(Stored items)
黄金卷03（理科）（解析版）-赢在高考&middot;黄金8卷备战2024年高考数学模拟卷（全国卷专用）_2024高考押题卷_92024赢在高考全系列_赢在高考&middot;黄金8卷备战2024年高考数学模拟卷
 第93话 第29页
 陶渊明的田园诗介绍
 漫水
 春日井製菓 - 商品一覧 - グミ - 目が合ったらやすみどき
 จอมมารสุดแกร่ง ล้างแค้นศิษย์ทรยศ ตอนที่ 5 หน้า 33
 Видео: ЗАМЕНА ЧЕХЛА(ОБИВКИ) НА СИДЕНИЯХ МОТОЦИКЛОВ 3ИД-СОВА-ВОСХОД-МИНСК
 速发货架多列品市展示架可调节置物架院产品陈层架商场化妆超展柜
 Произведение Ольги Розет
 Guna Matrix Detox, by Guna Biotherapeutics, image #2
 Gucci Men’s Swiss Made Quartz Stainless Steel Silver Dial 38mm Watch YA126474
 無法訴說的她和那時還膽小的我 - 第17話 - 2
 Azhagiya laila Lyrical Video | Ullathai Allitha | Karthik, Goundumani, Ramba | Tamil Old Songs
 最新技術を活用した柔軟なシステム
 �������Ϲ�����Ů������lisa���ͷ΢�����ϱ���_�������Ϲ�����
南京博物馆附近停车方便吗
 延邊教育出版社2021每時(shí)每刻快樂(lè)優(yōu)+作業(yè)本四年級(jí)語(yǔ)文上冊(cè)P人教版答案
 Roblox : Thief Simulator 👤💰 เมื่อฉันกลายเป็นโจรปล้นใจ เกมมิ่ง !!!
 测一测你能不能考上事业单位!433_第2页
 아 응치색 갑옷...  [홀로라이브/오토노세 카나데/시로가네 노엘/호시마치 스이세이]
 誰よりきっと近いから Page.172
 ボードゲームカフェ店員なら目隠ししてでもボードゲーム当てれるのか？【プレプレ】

*About this exercise:* Output the entries above in their entirety, exactly as written.

*Result of the task:*
黄金卷03（理科）（解析版）-赢在高考&middot;黄金8卷备战2024年高考数学模拟卷（全国卷专用）_2024高考押题卷_92024赢在高考全系列_赢在高考&middot;黄金8卷备战2024年高考数学模拟卷
 第93话 第29页
 陶渊明的田园诗介绍
 漫水
 春日井製菓 - 商品一覧 - グミ - 目が合ったらやすみどき
 จอมมารสุดแกร่ง ล้างแค้นศิษย์ทรยศ ตอนที่ 5 หน้า 33
 Видео: ЗАМЕНА ЧЕХЛА(ОБИВКИ) НА СИДЕНИЯХ МОТОЦИКЛОВ 3ИД-СОВА-ВОСХОД-МИНСК
 速发货架多列品市展示架可调节置物架院产品陈层架商场化妆超展柜
 Произведение Ольги Розет
 Guna Matrix Detox, by Guna Biotherapeutics, image #2
 Gucci Men’s Swiss Made Quartz Stainless Steel Silver Dial 38mm Watch YA126474
 無法訴說的她和那時還膽小的我 - 第17話 - 2
 Azhagiya laila Lyrical Video | Ullathai Allitha | Karthik, Goundumani, Ramba | Tamil Old Songs
 最新技術を活用した柔軟なシステム
 �������Ϲ�����Ů������lisa���ͷ΢�����ϱ���_�������Ϲ�����
南京博物馆附近停车方便吗
 延邊教育出版社2021每時(shí)每刻快樂(lè)優(yōu)+作業(yè)本四年級(jí)語(yǔ)文上冊(cè)P人教版答案
 Roblox : Thief Simulator 👤💰 เมื่อฉันกลายเป็นโจรปล้นใจ เกมมิ่ง !!!
 测一测你能不能考上事业单位!433_第2页
 아 응치색 갑옷...  [홀로라이브/오토노세 카나데/시로가네 노엘/호시마치 스이세이]
 誰よりきっと近いから Page.172
 ボードゲームカフェ店員なら目隠ししてでもボードゲーム当てれるのか？【プレプレ】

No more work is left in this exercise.